From (26) it follows that

$$A(t) = \left\{ {\begin{array}{*{20}l} {e^{ - t} } \hfill & {{\text{if}}\quad 0 \le t \le 3\ln 2} \hfill \\ {} \hfill & {} \hfill \\ {2^{2k} {\text{e}}^{ - t} (2 - A_{k} ),} \hfill & {{\text{if}}\quad (2k + 1)\ln 2 \le t < (2k + 3)\ln 2,} \hfill \\ {} \hfill & {\quad \quad k = 1,2, \ldots } \hfill \\ \end{array} } \right.$$

Obviously \(A(t)\) does not converge as \(t \to \infty\) but the limiting average availability \(A_{av} (\infty )\) exists and is given by (28). We have

$$\begin{aligned} \phi = & \frac{{e^{ - \ln 2} }}{{{\text{e}}^{ - \ln 2} + (1 - {\text{e}}^{ - 2\ln 2} )}} = \frac{2}{5} \\ H(t) = & \int\limits_{0}^{t} {{\text{e}}^{ - x} {\text{d}}x = 1 - {\text{e}}^{ - t} } \\ \end{aligned}$$

and

$$\begin{aligned} A_{av} (\infty ) = & \tau^{ - 1} [\phi [H(\tau + \nu ) - H(\nu )] + (1 - \phi )H(\tau )] \\ = & (2\ln 2)^{ - 1} \left[ {\frac{2}{5}[{\text{e}}^{ - \ln 2} - {\text{e}}^{ - 3\ln 2} ] + \frac{3}{5}(1 - {\text{e}}^{ - \ln 4} )} \right] \\ = & \, = \frac{3}{5}(2\ln 2)^{ - 1} \approx 0.4328. \\ \end{aligned}$$

Mi (2002) discussed a model which is similar to Model B with \(\nu = 0\) in Sarkar and Sarkar (2000) except that the system will undergo complete repair or replacement at time \(\eta \tau\) regardless whether the system is failed or unfailed from the result of inspection, where \(\eta\) is either an integer or \(\eta = \infty\). Under this assumption, the limiting average availability of the system was derived as

$$A_{av} (\infty ) = \frac{{\int_{0}^{\eta \tau } \bar{F}(x){\text{d}}x}}{{\uptau\sum\limits_{k = 0}^{\eta - 1} \bar{F}(k\tau )}}.$$
(35)

Note that assuming \(\nu = 0\) then the limiting average availability of the system under Model B in Sarkar and Sarkar (2000) is the special case of \(\eta = \infty\) in Mi (2002). As a matter of fact, we have

$${\mathbb{E}}\left( {\left\lceil {\frac{U}{\tau }} \right\rceil } \right) = \sum\limits_{k = 1}^{\infty } \int_{(k - 1)\tau }^{k\tau } \left\lceil {\frac{x}{\tau }} \right\rceil {\text{d}}F(x) = \sum\limits_{k - 1}^{\infty } \int_{(k - 1)\tau }^{k\tau } kdF(x)$$
$$= \sum\limits_{k - 1}^{\infty } k\left\{ {\bar{F}(k - 1)\tau - \bar{F}(k\tau )} \right\} = \sum\limits_{k - 1}^{\infty } \bar{F}(k\tau )$$
(36)

Example 3.2

Let the system lifetime distribution be exponential \(F(t) = 1 - exp( - \lambda t)\). The following figures show the limiting average availabilities obtained from (35) at fixed \(\lambda\) (left panel) and at fixed \(\tau\) (right panel).

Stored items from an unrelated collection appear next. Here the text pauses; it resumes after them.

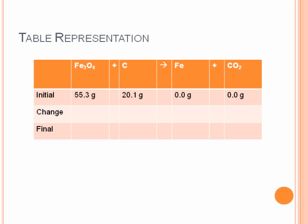We can represent what we started with in a table. The Fe3O4 is 55.3 grams. The carbon is 20.1 grams. The iron and carbon dioxide are zero grams since the reaction hasn't started yet. We'll fill in the rest of this table as we proceed.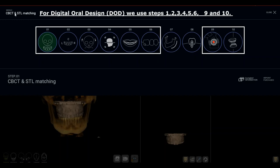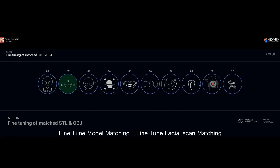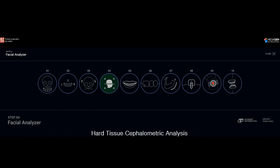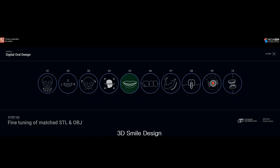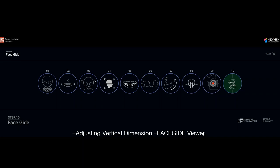As mentioned in the previous video, to use Digital Oral Design we use steps 1, 2, 3, 4, 5, 6, 9, and 10. Step 1: model matching and facial scan matching. Step 2: fine-tune the model and facial scan matching. Step 3: CBCT Reorientation, Digital Face Bow, Digital Occlusal Plane, and Soft Tissue Cephalometric Analysis. Step 4: Hard Tissue Cephalometric Analysis. Step 5: Three Dimensional Smile Design. Step 6: Wax Up Design. Step 9: Quick Guide and Digital Mounting. Step 10: Adjusting and Altering the Vertical Dimension and Face Guide Viewer.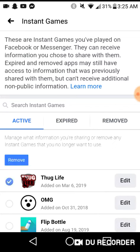It will say Remove, and that is how you remove it. I'm not gonna go through the whole process because I don't want to actually remove the game, but that's how you do it in case you want to.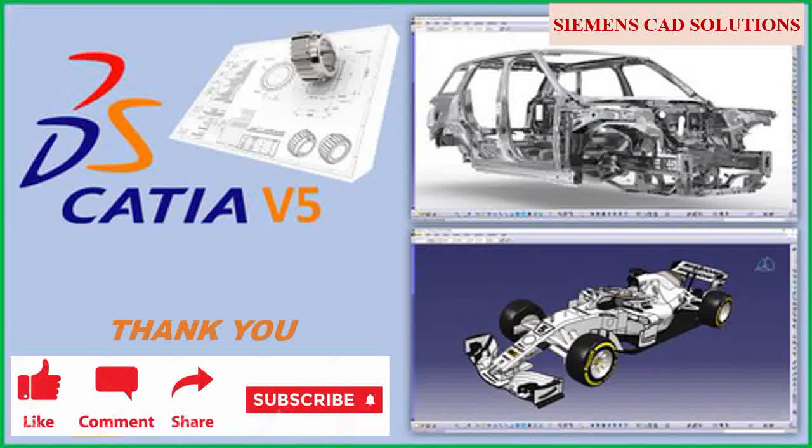In video description, I have provided the link to download free practice models. Please subscribe to this channel.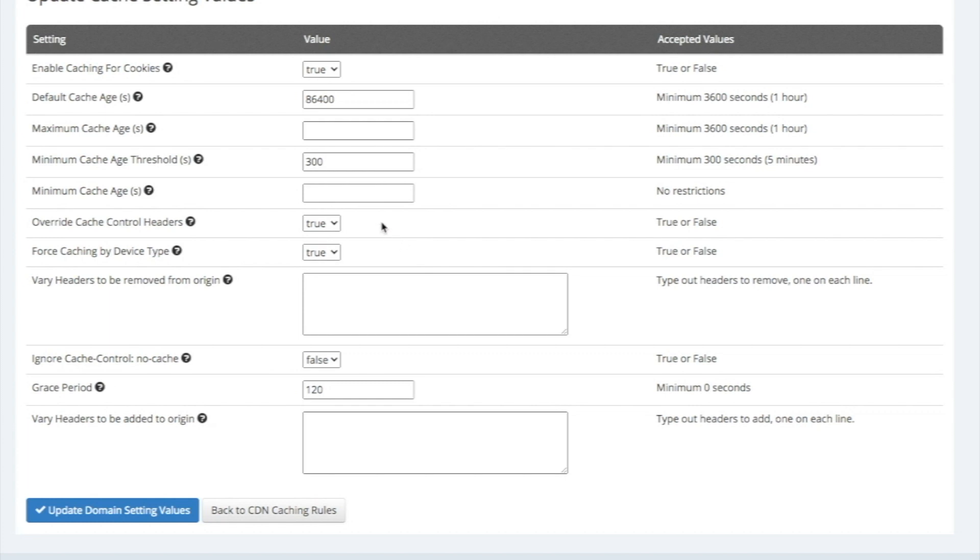You can also change other settings, such as enabling caching for cookies and customize the default cache age. This is set in seconds, so this site has their default cache age at 24 hours.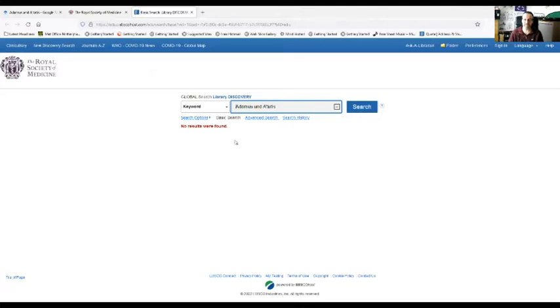I popped it in, Adamus and Dotatus, Royal Society of Medicine. No results were found. So is this book myth? Has it been lost in the passing of time? Or is it kind of like a little bit of legend where yeah the book did exist, but things have been changed and that's why we can't find it now because we're actually not searching for the right thing?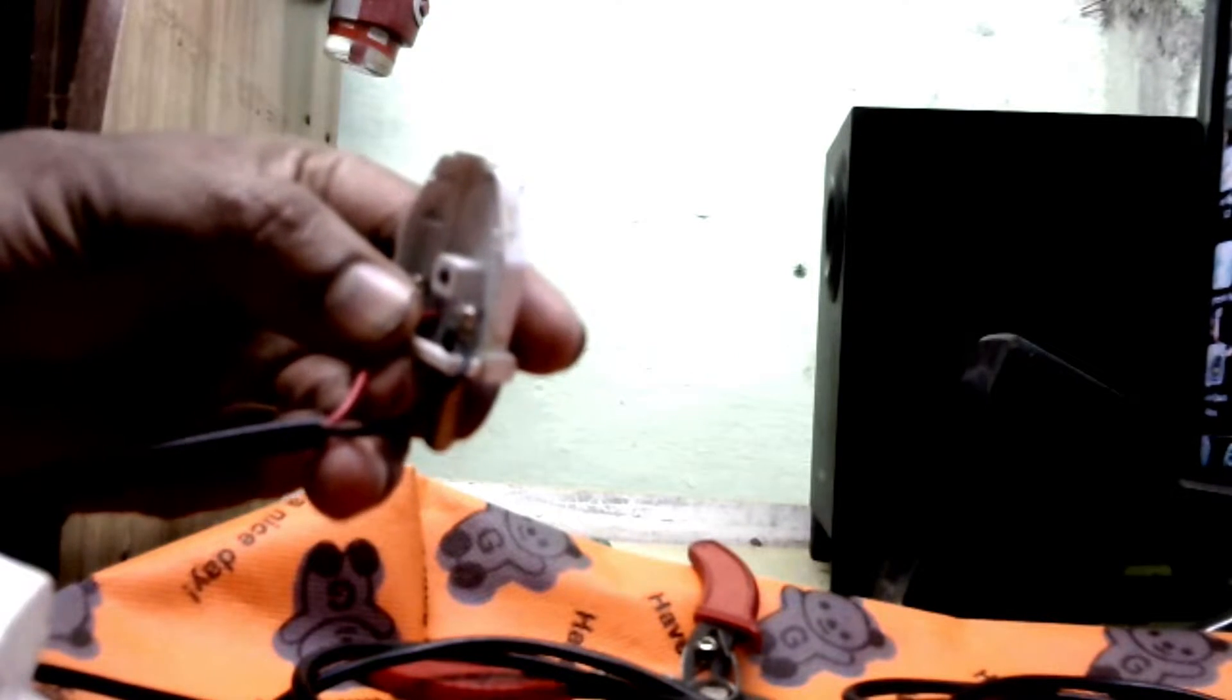I tighten both screws and insert both wires. I fix them very tight. I finished fixing both wires. After that, I fix the top cover. Take the top cover and insert it neatly - the locking sound is coming.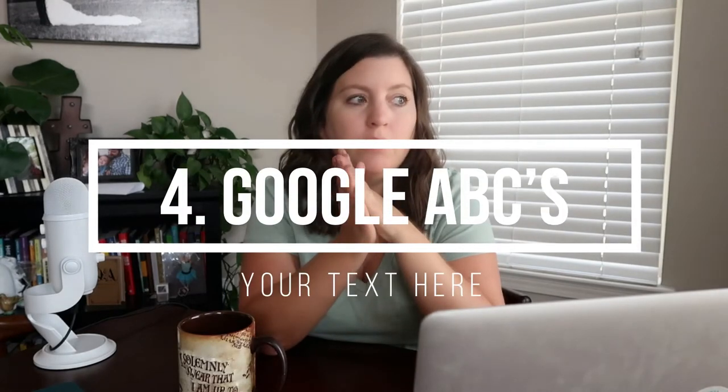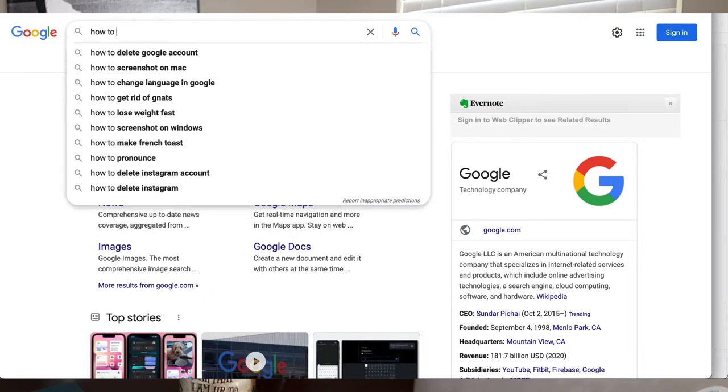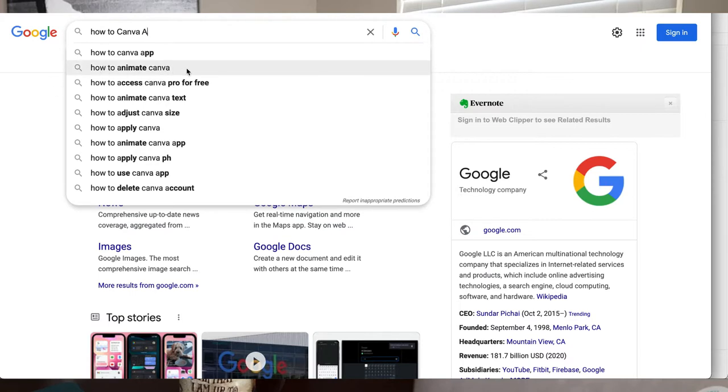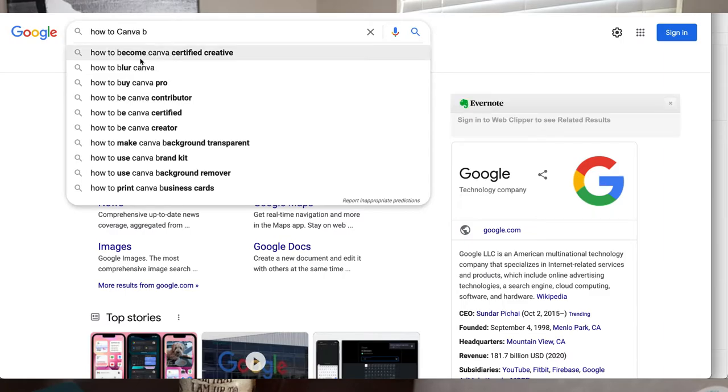Number four — this can be a little time consuming, but it's a really great resource — is to play the Google ABCs. You search your niche in Google and check out what others are searching for. Type something in Google and it gives you suggestions and more things at the bottom. I like to type something such as 'how to Canva A' and it'll start a list of things people are searching for. I copy any that seem relevant, then do 'how to Canva B,' and so on. By the time you go through the entire alphabet, you may have ideas you've never thought of before.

In the model studied by Sarkar and Sarkar (2001), the system in application is periodically inspected with inspection interval \(\tau > 0\) and is supported by an iid spare system which is in cold standby. At time \(t = \tau ,\) the spare system takes over the operation no matter whether the status of the inspected system is failed or unfailed. If the inspection found the inspected system failed then it is sent for repair/replacement; otherwise, it is upgraded. Both the repair and upgrade are perfect meaning that repaired or upgraded system becomes as good as new. At time \(t = 2\tau ,\) the inspection is performed again. The system being repaired/replaced or upgraded at time \(t = \tau\) will take over operation if the repair/replacement or upgrade has been completed before \(t = 2\tau\), and the system inspected at \(t = 2\tau\) will undergo either repair/replacement or upgrade; otherwise, the inspection will be suspended and only after completion of repair/replacement or upgrade the repaired or upgraded system will take over the operation at the next scheduled inspection time. Denote the random time needed for repair/replacement and upgrade as \(Y_{r}\) and \(Y_{w}\), respectively. It can be assumed that the random times \(Y_{r}\) and \(Y_{w}\) have \(\{ \tau ,2\tau , \ldots \}\) as their support sets because of the assumption about the inspection policy. Furthermore, it is assumed naturally that \(Y_{w} \mathop \le \limits^{st} Y_{r}\).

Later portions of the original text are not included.